Re: My Les Paul is noisy! Video!
I'm out too. Have fun.
but good luck explaining how your body can ground a guitar by touching the strings without a ground being connected to the bridge.
(God, I had to stick my head in the door on my way to the water fountain.)
Okay. The human body is a big bag of water-filled tissues and conductive electrolytes. We are constantly picking up and shedding electrical charge. On average, we are pretty neutral on the +/- voltage thing. Also, our sheer mass makes us able to sink a fair amount of charge (not at high currents or anything, but significant for the purposes of this discussion). Ever get shocked by static electricity? That's you and some piece of metal (or maybe another person, etc.) trading electrical charge and getting back to zero (more or less).
Don't believe it? Try this:
1.) Take a guitar cable and plug one end into an amp, but keep the other end free.
2.) Turn on the amp and dial up a decent amount of gain -- enough that you hear noise through the amp without touching the cable.
3.) Pick up the cable and touch the different parts of the 1/4" plug.

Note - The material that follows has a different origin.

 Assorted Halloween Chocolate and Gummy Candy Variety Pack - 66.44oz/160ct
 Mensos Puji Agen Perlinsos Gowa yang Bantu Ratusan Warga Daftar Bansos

Press on the tip with your finger. Loud, huh? Now press good and hard on the sleeve (ground). Does it maybe get quieter?
4.) Now touch the tip of the cable to a ground on the inside of a guitar cavity. Or some random thing like the grounded chassis of a stereo component. Or a metal filing cabinet. See what happens.
5.) Then see what those various ground points do with the sleeve on the guitar cable.
I don't claim to know everything about guitar wiring, but dude, this is real.